There are various methods of connecting the scan lines to the gate driver IC and of connecting the signal lines to the source driver IC, for example, TAB (Tape Automated Bonding) using a printed circuit board, and chip-on-glass (hereinafter, referred to as “COG”). In the COG method, both a gate driver IC and a source driver IC are directly attached onto an LCD panel by soldering or a metallic paste, and similarly each wiring for the gate driver IC and the source driver IC is directly performed on the LCD panel. In general, the wiring formed directly on the panel by application of this COG technology is referred to as “panel wiring”. Herein, the gate driver IC and the source driver IC are together generically referred to as a “driver circuit”. Further, a voltage applied to each driver circuit in order to drive the driver circuit is called a “driving voltage”.

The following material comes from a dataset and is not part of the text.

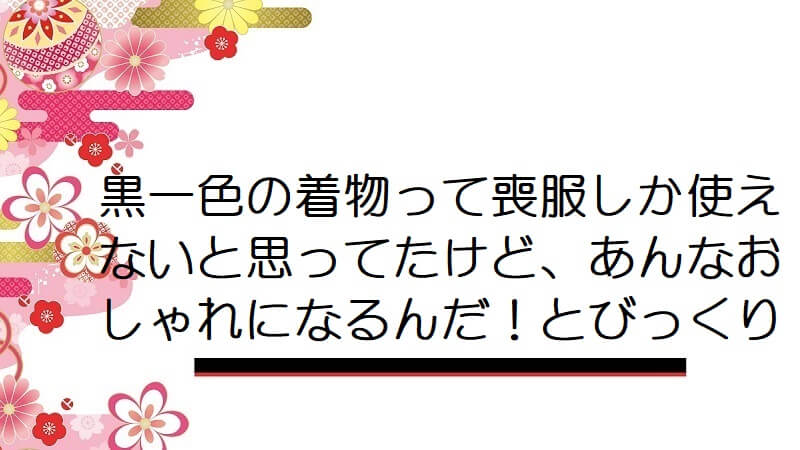 黒一色の着物って喪服しか使えないと思ってたけど、あんなおしゃれになるんだ！とびっくり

FIG. 1 shows how a driving voltage is applied to respective driver circuits 102, 104 and 106 through each panel wiring between the driver circuits. Each panel wiring can be modeled into resistors Rn−1 and Rn. As shown in FIG. 1, when the panel wirings Rn−1 and Rn for supplying the driving voltage to the driver circuits 102, 104 and 106 are connected in series between the driver circuits 102, 104 and 106, a voltage drop is generated by internal resistance components of the driver circuits 102, 104 and 106 and by resistance components of the panel wirings Rn−1 and Rn. Owing to this voltage drop, a relationship as the following Formula 1 is established:Vo(n−1)>Vi(n)>Vo(n)>Vi(n+1)  Formula 1
where Vi(n) is the input driving voltage applied to the driver circuit 104 in reality, and Vo(n) is the output driving voltage outputted from the driver circuit 104 in order to drive next circuit.
For this reason, when several driver circuits are connected with each other, an input driving voltage applied actually to a driver circuit after a certain step drops less than the minimum voltage (referred to as an “operation voltage”) necessary to operate the driver circuit, so that the circuit may not perform normal operation.